ยง 3953. Administration of the authority. 1. The authority shall be
administered by seven directors appointed by the governor. Of the seven
directors, one each shall be appointed on the written recommendation of
the temporary president of the state senate, the speaker of the state
assembly and the state comptroller, respectively. One member appointed
directly by the governor and the members appointed on the recommendation
of the temporary president of the state senate, the recommendation of
the speaker of the state assembly and the recommendation of the state
comptroller shall be residents of the county. Each director shall be
appointed for a term of four years, provided however, that two of the
directors first appointed by the governor shall serve for a term ending
December thirty-first, two thousand nine, and the remaining five
directors first appointed shall serve for the following terms: the
directors appointed on recommendation of the temporary president of the
state senate, the speaker of the state assembly and the state
comptroller shall serve for a term ending December thirty-first, two
thousand ten and the two remaining directors first appointed directly by
the governor shall serve for a term ending on December thirty-first, two
thousand eleven.
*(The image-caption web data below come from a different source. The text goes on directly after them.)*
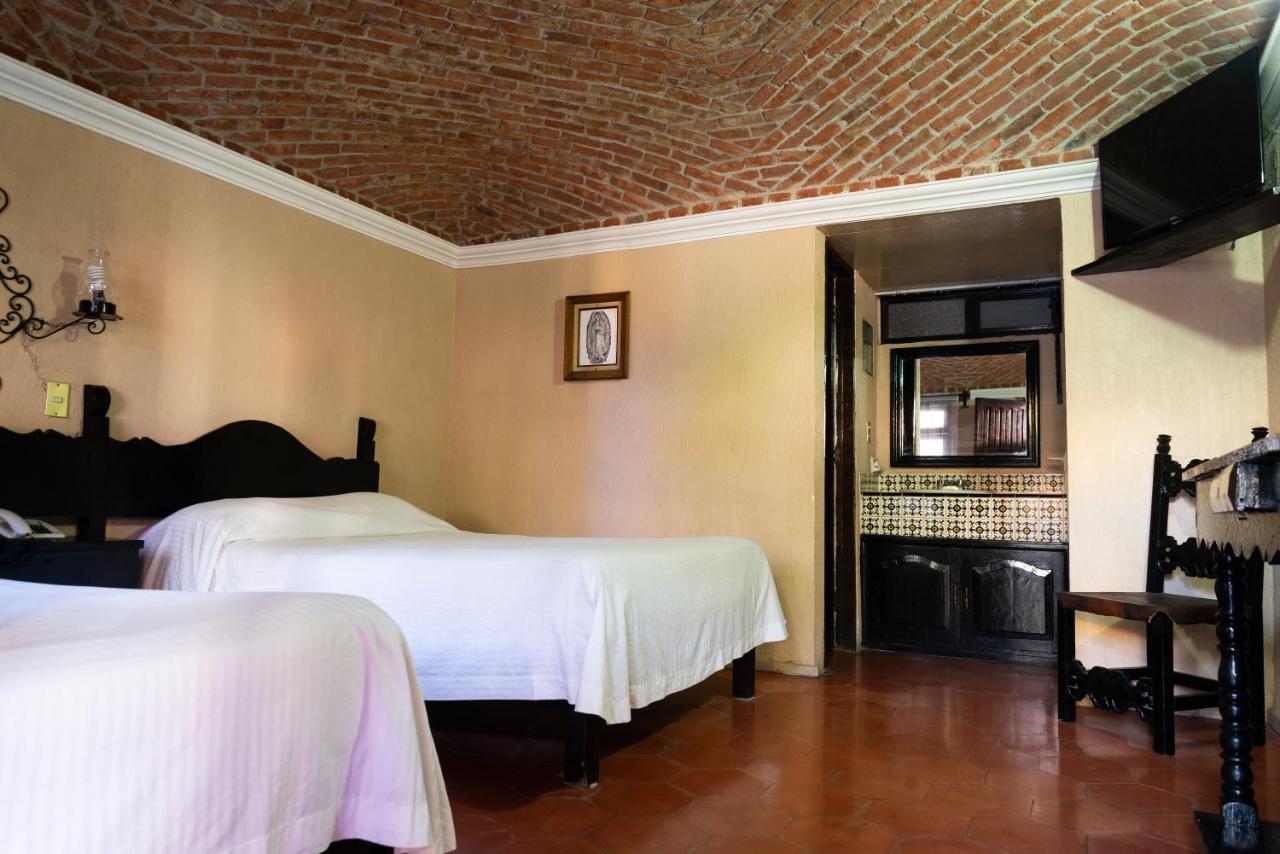 Hotel Hacienda De Cobos Guanajuato Eksteriør bilde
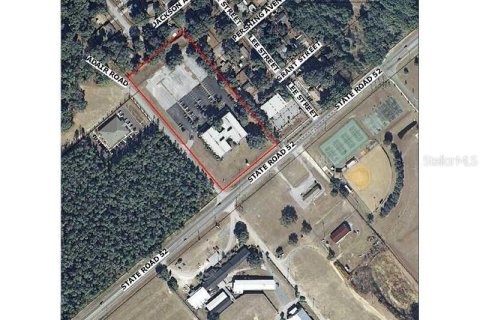 Immobilier commercial à louer à Dade City, Floride: 705.22 m2 № 584333 - photo 10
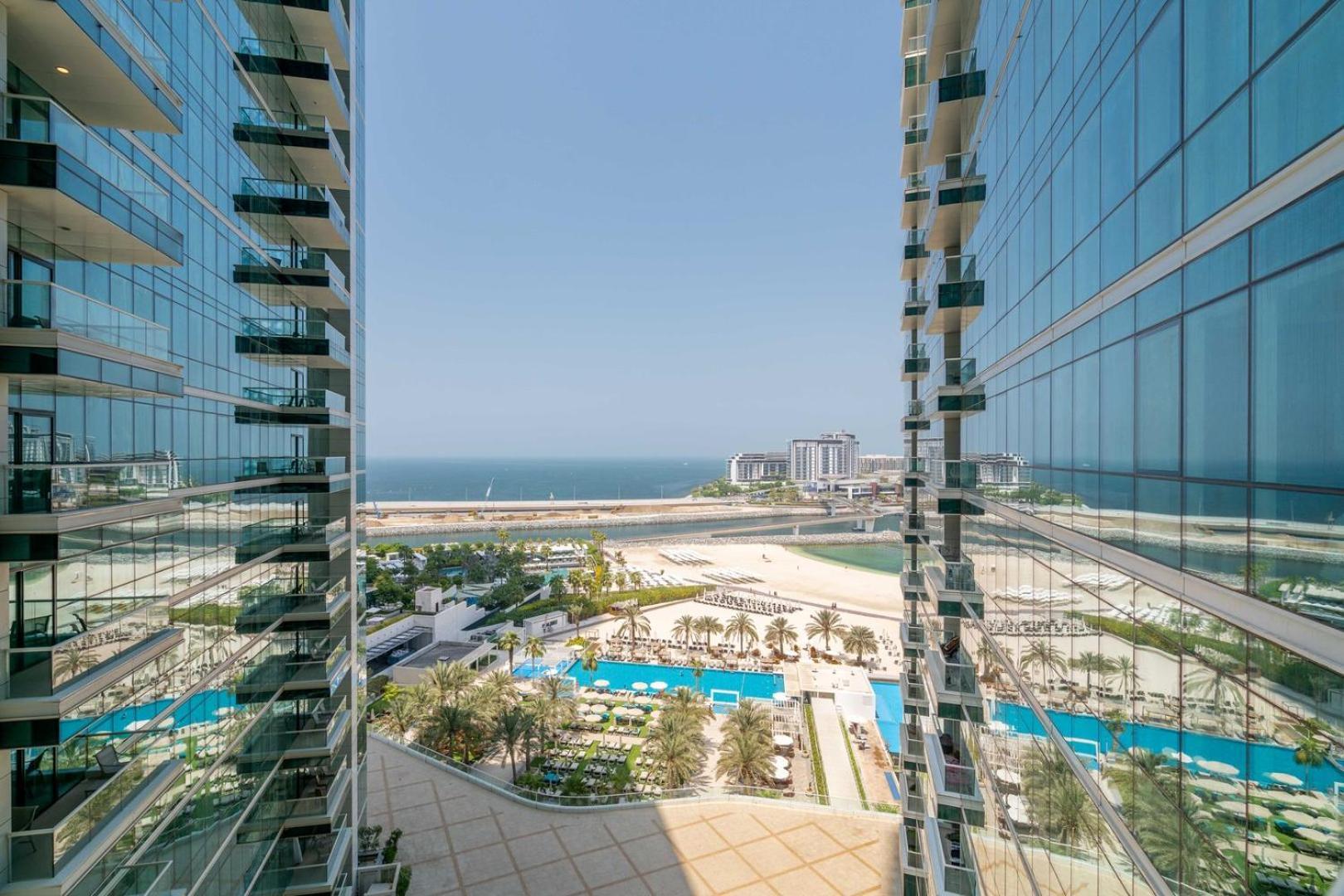 Apartamento Guestready - Luxurious Nest Direct On Jbr Beach Dubái Exterior foto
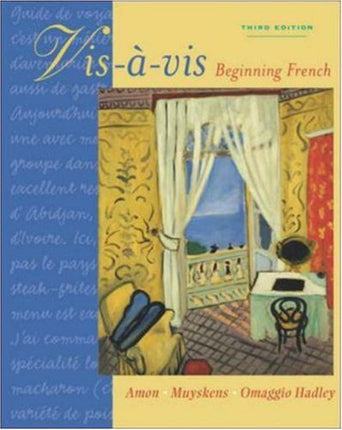 Vis-a-vis: Beginning French (Student Edition)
Each director shall hold office until his or her
successor has been appointed and qualified. Thereafter each director
shall serve a term of four years, except that any director appointed to
fill a vacancy shall serve only until the expiration of his or her
predecessor's term.

2. The governor shall designate a chairperson and a vice-chairperson
from among the directors. The chairperson shall preside over all
meetings of the directors and shall have such other duties as the
directors may prescribe. The vice-chairperson shall preside over all
meetings of the directors in the absence of the chairperson and shall
have such other duties as the directors may prescribe.
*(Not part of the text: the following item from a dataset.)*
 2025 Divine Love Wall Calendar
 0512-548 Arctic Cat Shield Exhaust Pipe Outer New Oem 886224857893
3. The directors of the authority shall serve without salary, but each
director shall be reimbursed for actual and necessary expenses incurred
in the performance of such director's official duties as a director of
the authority.

4. Notwithstanding any inconsistent provision of any general, special
or local law, ordinance, resolution or charter, no officer, member or
employee of the state, any city, county, town or village, any
governmental entity operating any public school or college, any school
district or any other public agency or instrumentality which exercises
governmental powers under the laws of the state, shall forfeit his or
her office or employment by reason of his or her acceptance of
appointment as a director, officer or employee of the authority; nor
shall service as such director, officer or employee of the authority be
deemed incompatible or in conflict with such office or employment.
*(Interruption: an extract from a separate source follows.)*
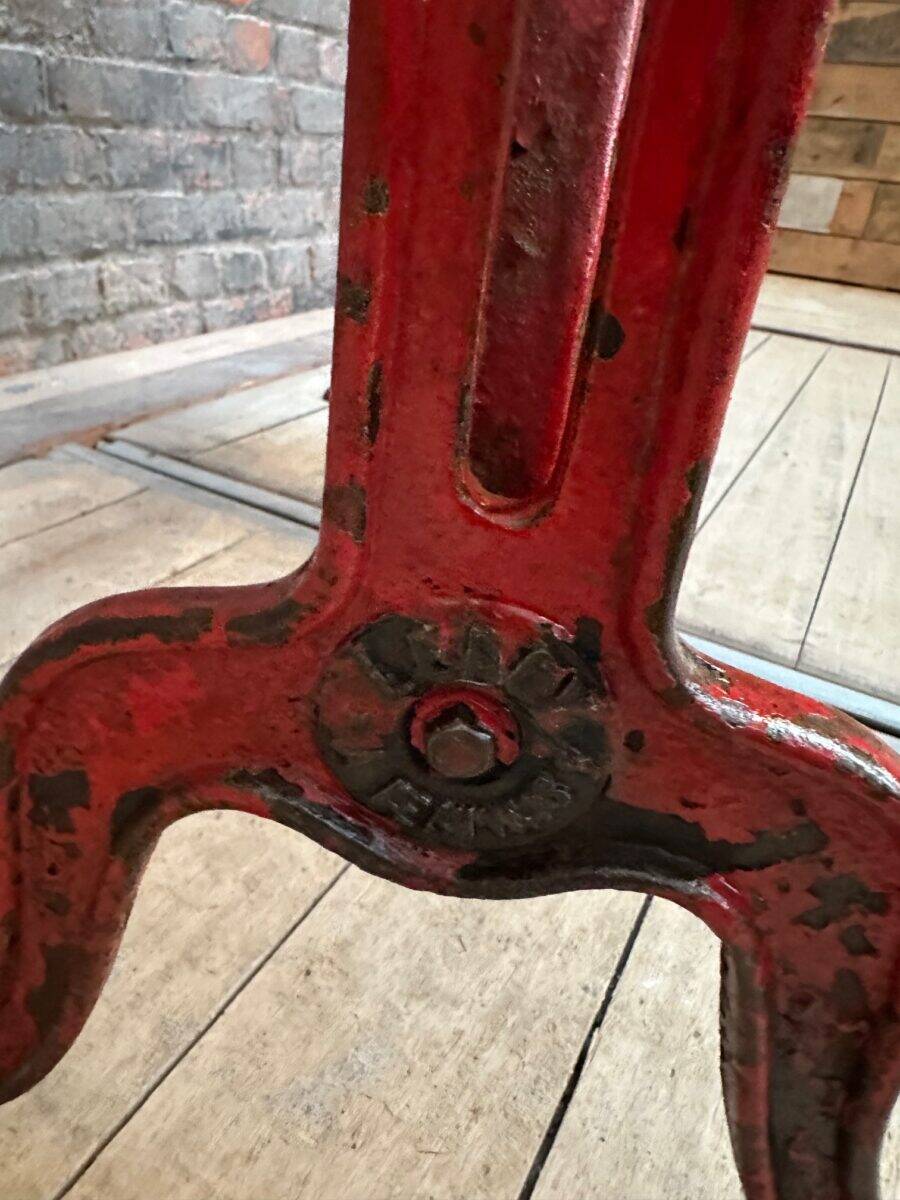 Early 20th century bistro table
5. Four directors shall constitute a quorum for the transaction of any
business or the exercise of any power of the authority. No action shall
be taken by the authority except pursuant to a favorable vote of at
least four directors participating in a meeting at which such action is
taken.

6. The authority shall appoint a treasurer and may appoint officers
and agents as it may require and prescribe their duties.

7. At least annually, commencing no more than one year after the date
on which authority bonds, notes or other obligations are first issued,
the authority shall report to the county executive, legislature,
comptroller, the director of the budget, the chair of the state senate
finance committee, the chair of the state assembly ways and means
committee and the state comptroller on the amount of financing and the
cost savings for the county over the past year.